A Geek in China is an engaging book that will guide you through all this. Starting from the mandatory historical introduction, essential to understanding China’s current development, to switch to the complexity of the Chinese language, divided between Mandarin and Cantonese, to the local religion to the rich and old culture that touches anything from the food to the literature to the martial arts.
An intriguing chapter is the one talking about Chinese character and society, something that has always fascinated me. In order to have a smooth living in China, doing business or just get along with Chinese people, it’s very important that you acknowledge and respect their way of life and human interaction.
Reads the book: “Humility, politeness and respect are an integral part of Chinese culture, and understanding how the Chinese exhibit these traits will enable you to integrate smoothly into Chinese society.”
In your life in China, you will soon realize that personal values and the community play a pivotal role. Chinese people, Christensen writes, “find comfort in associating with a group that shares common values, goals and tastes. Getting along with others is of utmost importance in Chinese society.”
Showing respect for another person’s reputation, being careful on how to express your own opinions, giving the right time to develop a relationship or a meeting, be it personal or business, will gain you a long way in China.

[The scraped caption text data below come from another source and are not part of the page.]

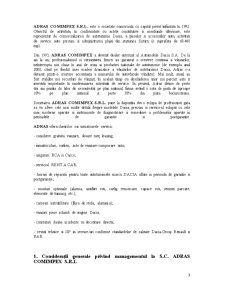 Managementul operațiunilor comerciale - SC Adras Comimpex SRL - Pagina 3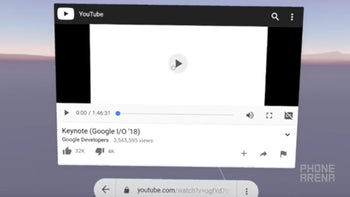 Google Chrome now available on Daydream VR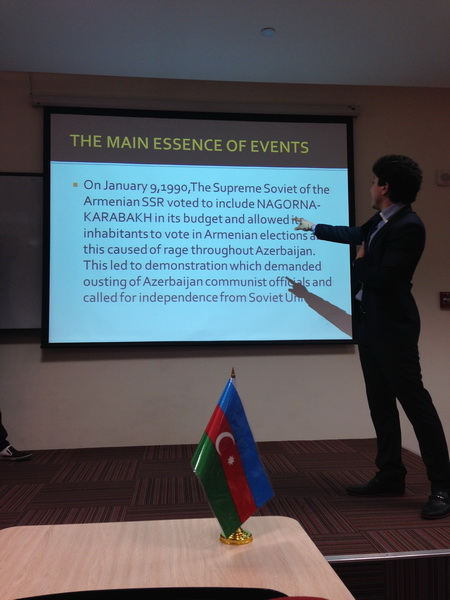 Qanlı 20 Yanvarın 24-cü ildönümü Dubayda qeyd olunub – FOTO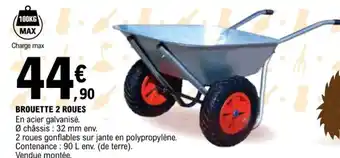 BROUETTE 2 ROUES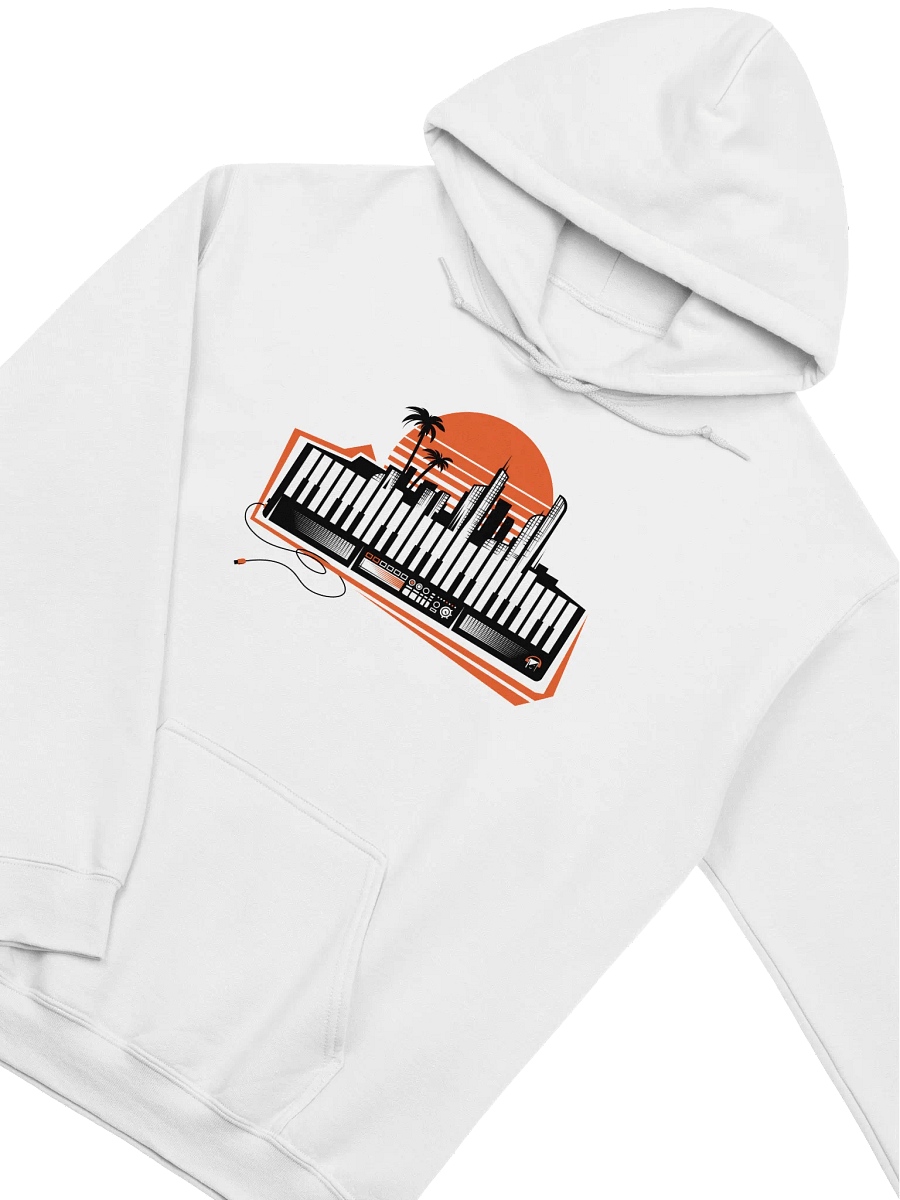 Keyboard City unisex hoodie product image (3)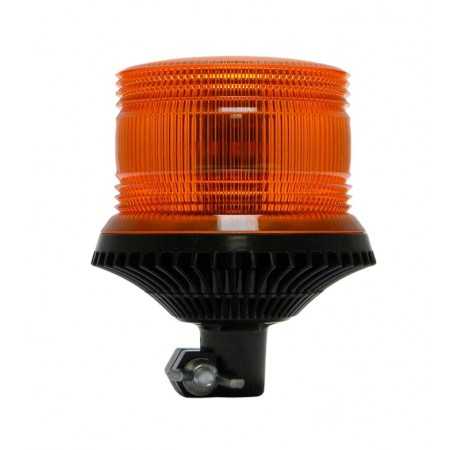 Pojedyncza lampa LAP LFB-030 LED, 12/24V, pomarańczowa, mocowanie DIN, R65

You might be travelling for a vacation or living in China for work, but in order to get along and integrate into the complicated Chinese culture and society, you need to adapt to their core values. Especially if you come from a Western country, where a business is usually run in a hasty way and an individual way of life is more common.
A Geek in China is a precious and all-encompassing guide through the intricate maze of practices, manners and patterns that shape the Chinese lifestyle. By all means, read it whether you are moving to China or even only planning a business trip. You will be traveling with the right baggage of information to embark on a productive journey and learn the values of patience, community, modesty and humility.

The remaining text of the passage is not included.